Стремление к власти над реальностью – основа всякого культурного творчества. Проблема в обосновании и оправдании этой власти. Обыденному сознанию и рационализму власть представляется как нечто самоценное: чем больше власти (над природой, другими людьми), тем больше прогресса, успеха, понимаемых как надежность, благосостояние, комфорт души и тела. Власть, однако, не цель, а средство, и как средство она не хороша и не плоха, ею можно воспользоваться в совершенно различных целях. Чем она станет, к чему приведет, зависит от целей и компетентности субъекта. Последние же столетия показывают опасность превращения власти в цель, а человека, знания, природу – в средства ее захвата и удержания. Власть над сущим – вещами и людьми – непрерывно растет, достигая чудовищных размеров, в то время как ни серьезность ответственности, ни ясность совести, ни сила характера не поспевают за этим ростом. Растет, таким образом, и возможность злоупотреблений властью. Человек обезоружен такой демонизацией власти. Именно демонизацией, поскольку человек оказывается игрушкой самодовлеющих стихий, управляющих человеком через его противоречивые инстинкты, податливую логику, беспомощность перед насилием и себялюбием.

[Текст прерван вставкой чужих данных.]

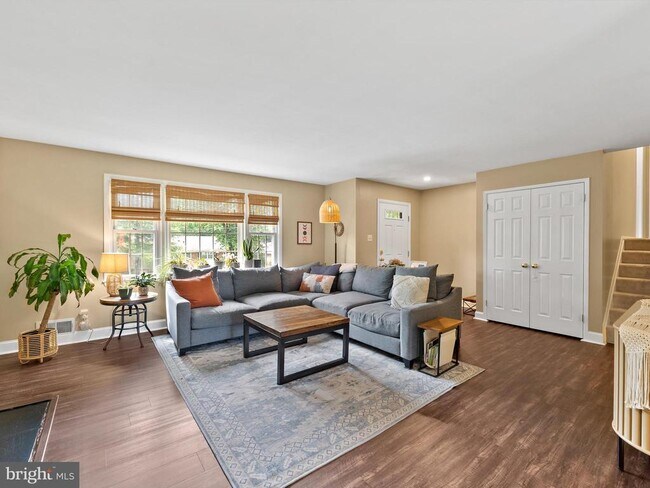 Foto del edificio - 5208 Lindsay St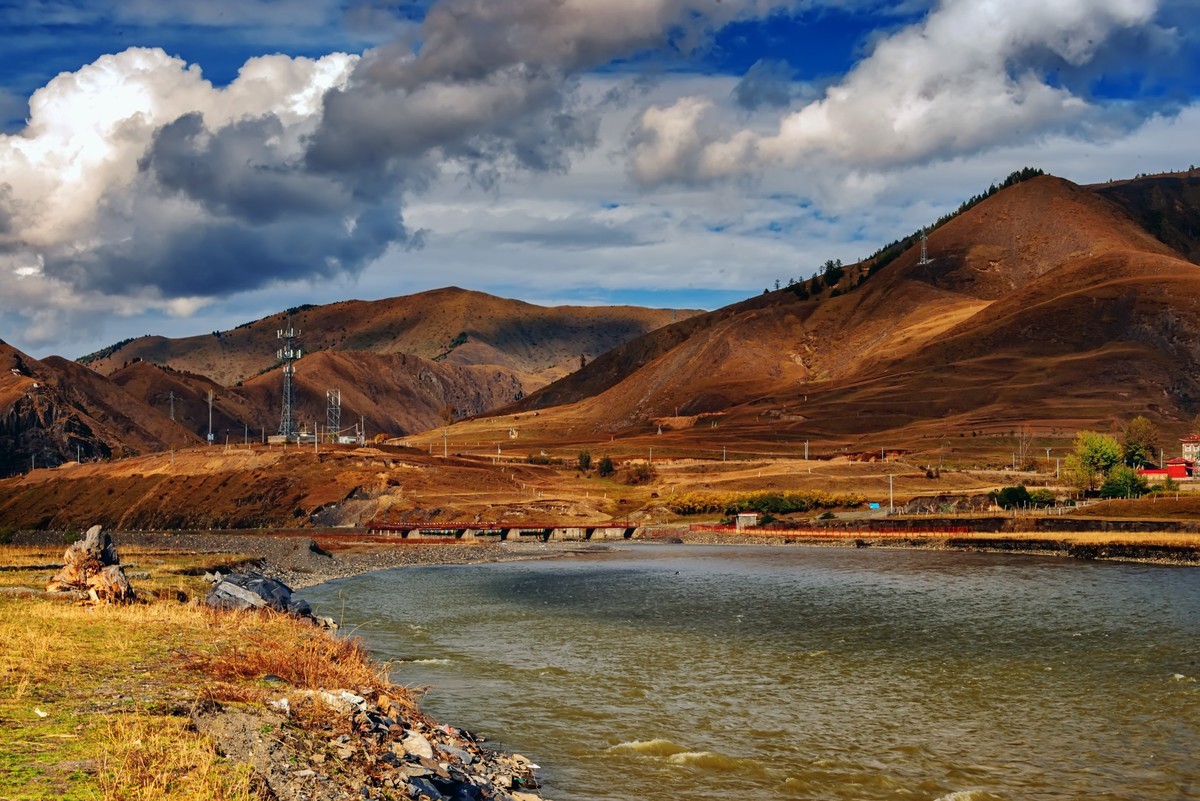 川西甘孜州：康定新都桥 · 理渠河风光
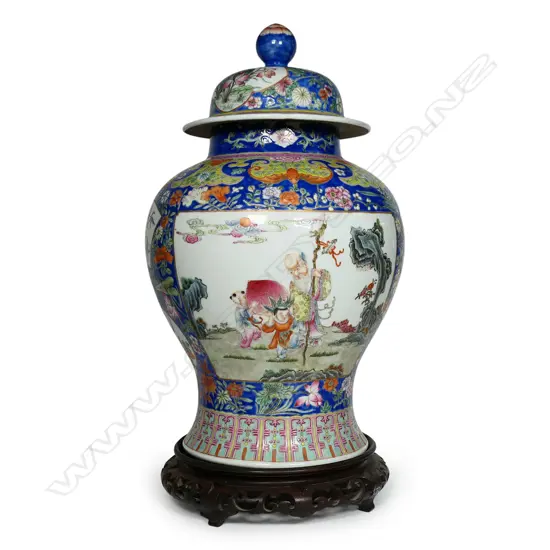 An old (c.1900) Chinese famille rose large lidded jar,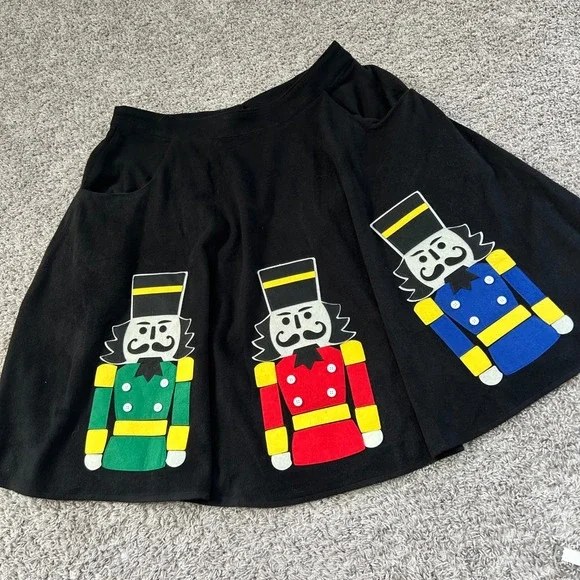 Unique Vintage Nutcracker Holiday Circle Skirt Pockets Christmas NO SIZE TAG - Picture 1 of 9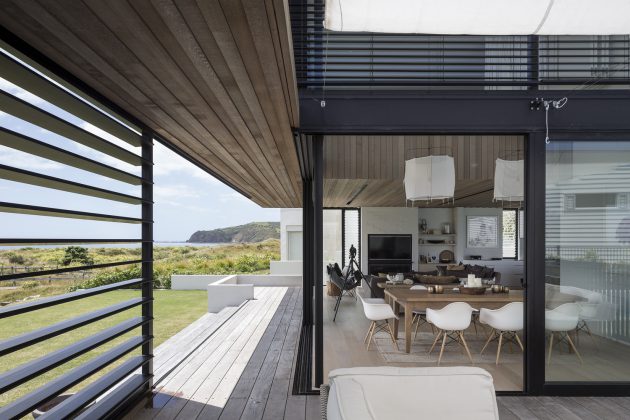 Tuatua House in New Zealand by Julian Guthrie (5)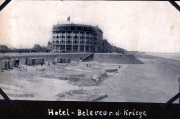 Hotel Bellevue am Strand während der Kriegsjahre mit ausgedehntem Küstenbereich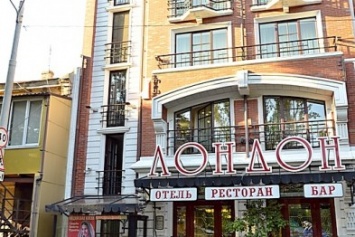Автохамам в Старобазарном сквере Одессы плевать на всех (ФОТО)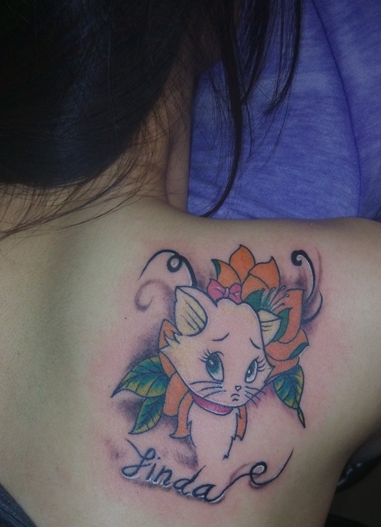美女后背上乖巧的小猫咪纹身图案
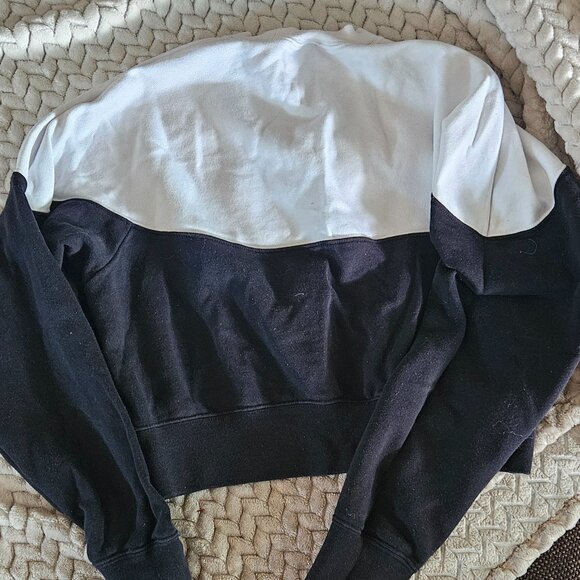 COPY - Cropped Sweater - Picture 1 of 2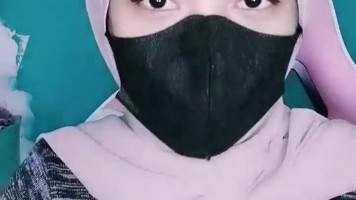 Bokep Jilbab – Dedek Filla Ukhti Remas TT Elus-elus Anu Menggoda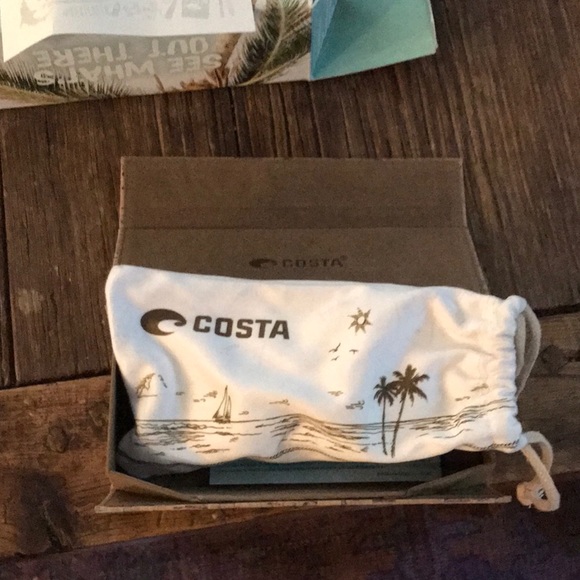 Costa Del Mar Sunglasses - Picture 4 of 5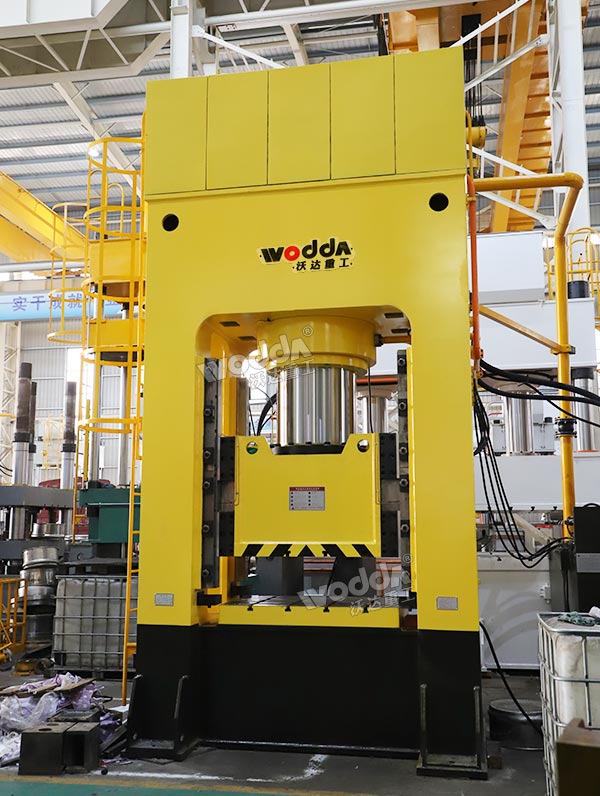 1000噸框架式液壓機.jpg
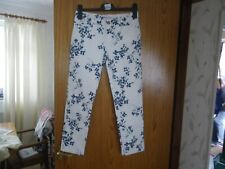 Used, GAP LADIES BEAUTIFUL WHITE MIX LEAF PRINT CAPRI SUMMER TROUSERS SIZE 8 NEW for sale  ST. HELENS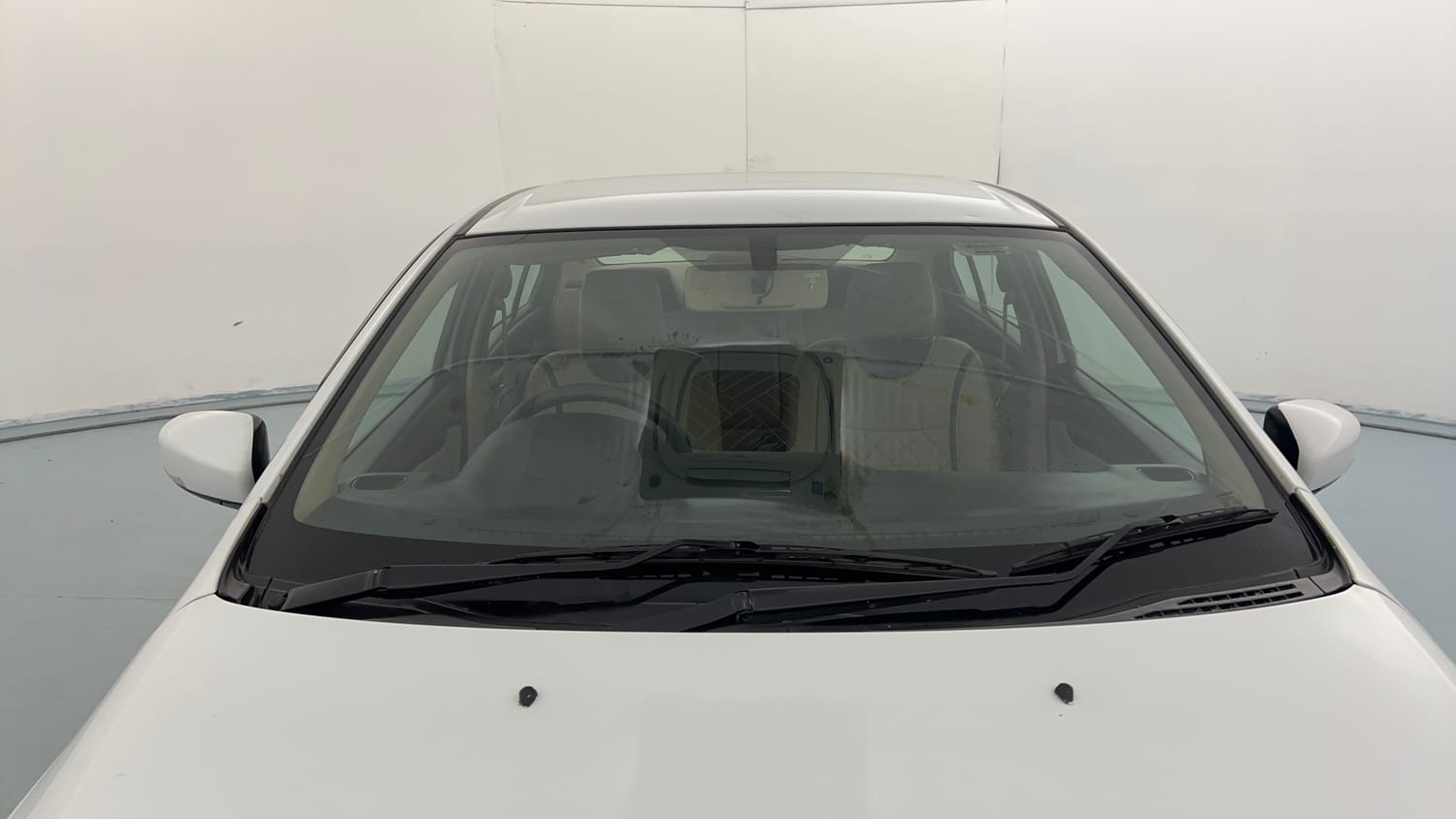 Used 2018 Maruti Suzuki Ciaz Delta 1.3 Hybrid Diesel Manual exterior FRONT WINDSHIELD VIEW
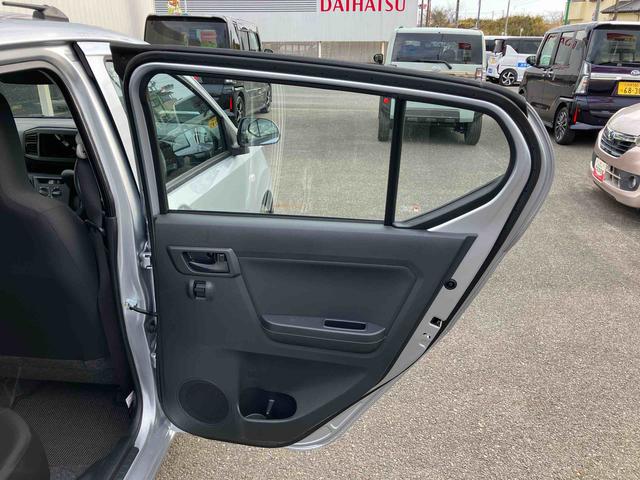 ミライースＬ　ＳＡIII２ＷＤ　ＣＶＴ　６６０ｃｃ　衝突被害軽減ブレーキ　横滑り防止装置　ＡＢＳ　アイドリングストップ　マニュアルエアコン　運転席・助手席エアバッグ（福島県）の中古車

Перед этими "демонами" человек лишь по недоразумению может мнить себя субъектом.
Свобода же, как уже говорилось, в ее внеприродном (метафизическом) смысле суть оборотная сторона ответственности, путь вменяемого самосовершенствования. Познавая реальность, человек постигает все более сложные и глубокие закономерности, взаимосвязи и причинно-следственные отношения в ней. Познав их, он приобретает возможность пользоваться приобретенным знанием. Тем самым человек становится все более свободным, а значит, и... все более ответственным. В этом смысле человеческие разум и сознание вторичны по отношению к изначальной свободе-ответственности, они даны как инструмент познания меры, глубины и содержания этой ответственности, степени укорененности человека в мире, в сети каузальных связей и зависимостей. И чем в большей степени мне открыты эти связи и зависимости, тем я свободнее, а значит, и более вменяем, ответственен. Открыть мир – значит, принять его, а принять – значит, взять на себя ответственность. В том, что мир открылся мне, нет моей заслуги, но открылся мир мне, и, значит, я ответствен за него.
Так же как незнание закона не освобождает от ответственности, так и у человека нет "алиби в бытии". Он ответствен в силу самого факта своего существования. Глубина же и ОГЛАВЛЕНИЕ этой ответственности, т.е. мера свободы, выявляются только в результате интеллектуального усилия. Животное, не обладающее сознанием, несвободно. Человек же свободен, но в той мере, в которой он разумен, а значит, в той мере, в какой он сознает последствия своих решений и поступков.